Zero Data Retention LLM API — Verifiable in Source
Zero data retention as a structural property of the open-source code, not just a contract clause. Multi-provider routing with the same posture.
Zero data retention as a verifiable property, not a contract clause.
"ZDR" usually means a clause in your enterprise agreement. The operator promises not to retain. You hope they comply.
TrustedRouter's prompt path never writes request or response bodies to persistent storage. The code that handles your prompts is open-source. The image hash is published. You can verify that retention is zero — without trusting us.
# Per-request record (token counts, timing, model id)
{
"request_id": "req_...",
"workspace_id": "...",
"model_id": "anthropic/claude-sonnet-4.6",
"input_tokens": 12,
"output_tokens": 84,
"cost_microdollars": 218,
"provider": "anthropic",
"region": "us-central1",
"created_at": "..."
}
# What's NOT in here:
# - prompt body
# - response body
# - user inputs of any kind
# Audit the schema:
# github.com/.../storage_models.py
Zero, by construction.
The attested binary doesn't open a write handle to a prompt path. The retention isn't a policy choice; it's a structural property of the code.
Check it yourself.
Grep the source for any code that touches request bodies. There isn't any. The image hash you build is the hash the enclave reports.
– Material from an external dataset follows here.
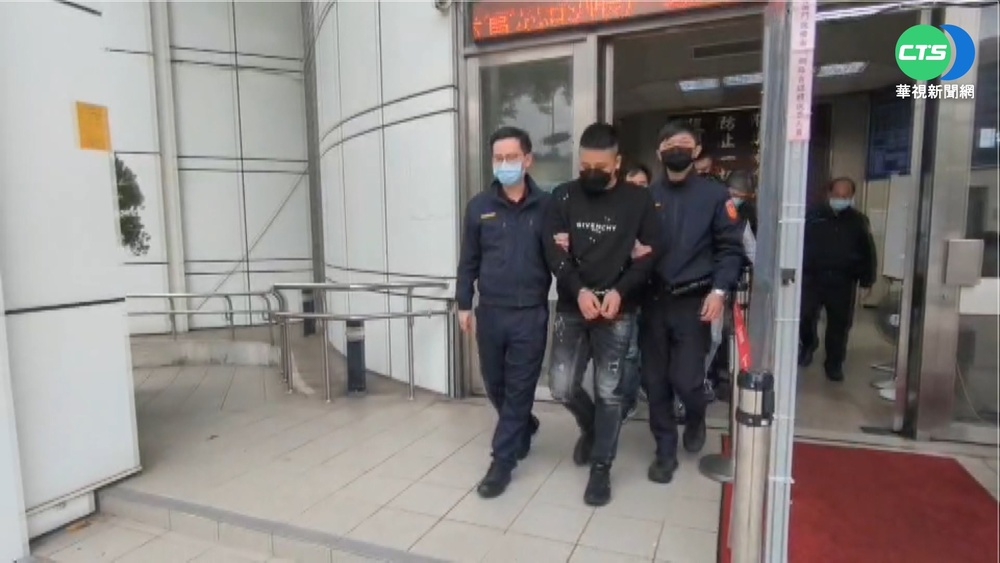 趁耶誕節撈一筆 運毒車載22萬毒品遭攔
Including upstream where possible.
For providers with their own ZDR posture (Anthropic, OpenAI Enterprise, Tinfoil, GCP Confidential), we route under their stronger guarantees and surface that on each model page.
What ZDR doesn't cover.
Upstream providers have their own retention behavior. We can route to providers that match your posture and we publish each one's known stance on the model pages.
Attestation proves the running binary is the published binary. It doesn't prove the binary is bug-free.
If you can't trust AWS or GCP's hardware root keys at all, the attestation chain doesn't save you. Cross-cloud helps — TR runs on both — but it doesn't eliminate the dependency.